SOURCE MATERIAL
____________
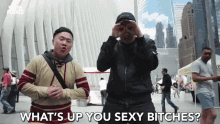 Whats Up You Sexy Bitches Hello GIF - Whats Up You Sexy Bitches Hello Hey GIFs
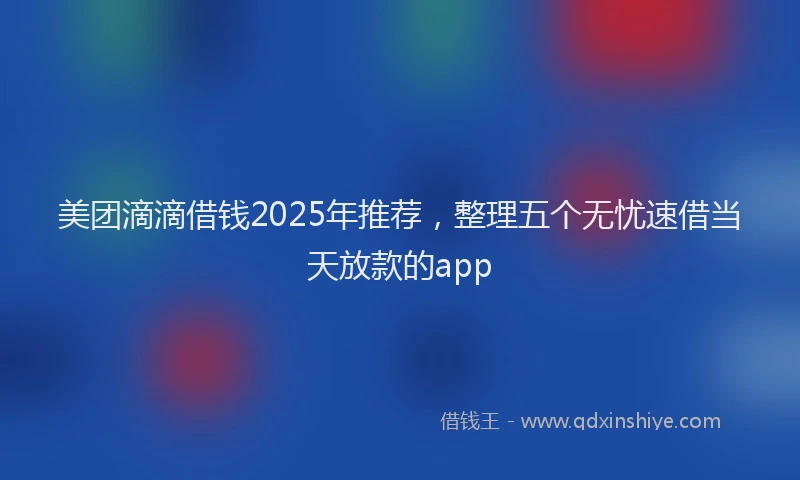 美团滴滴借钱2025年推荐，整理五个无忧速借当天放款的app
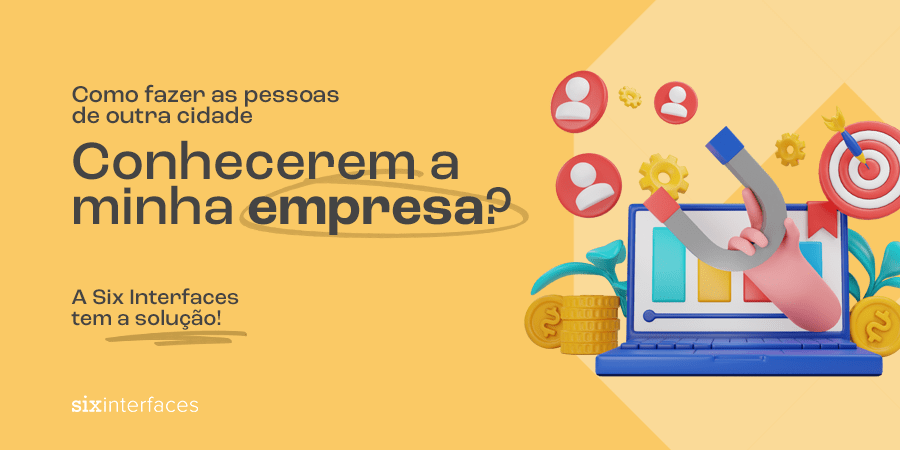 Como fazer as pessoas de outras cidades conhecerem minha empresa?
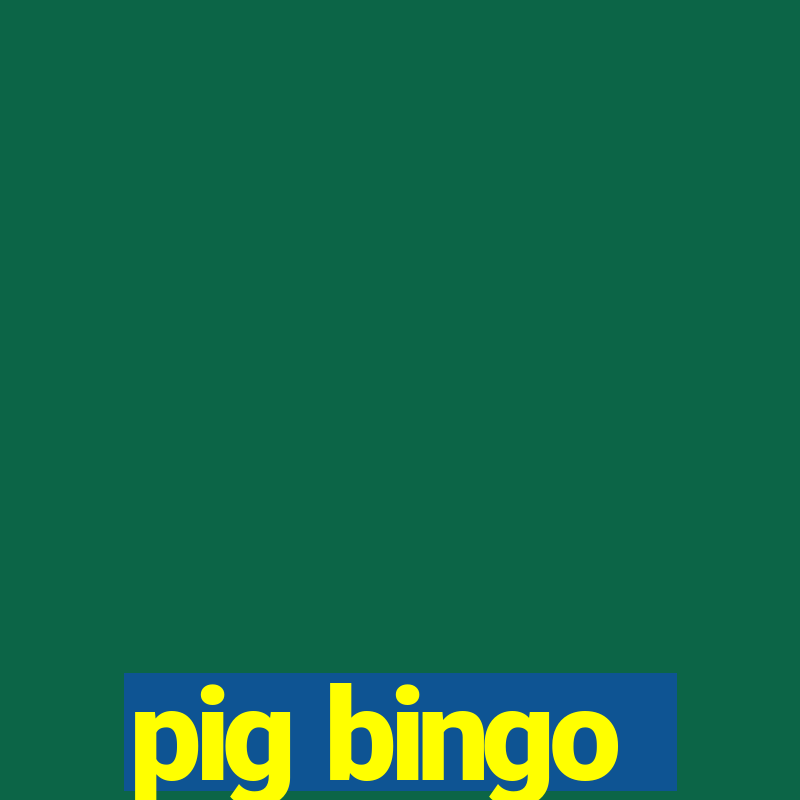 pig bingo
____________
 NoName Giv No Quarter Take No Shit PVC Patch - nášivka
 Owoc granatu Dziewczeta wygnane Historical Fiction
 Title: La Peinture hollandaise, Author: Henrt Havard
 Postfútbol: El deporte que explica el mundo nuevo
____________
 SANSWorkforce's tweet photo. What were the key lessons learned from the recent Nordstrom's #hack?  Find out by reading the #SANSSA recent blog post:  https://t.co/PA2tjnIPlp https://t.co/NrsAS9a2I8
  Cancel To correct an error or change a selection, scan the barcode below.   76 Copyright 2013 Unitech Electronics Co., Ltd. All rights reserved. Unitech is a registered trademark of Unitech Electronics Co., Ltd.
____________
TASK ITEM
Copy the lines above exactly. Start with the line containing "Owoc granatu Dziewczeta", end with the line containing "Postfútbol: El deporte", and include both.

TASK OUTPUT
 Owoc granatu Dziewczeta wygnane Historical Fiction
 Title: La Peinture hollandaise, Author: Henrt Havard
 Postfútbol: El deporte que explica el mundo nuevo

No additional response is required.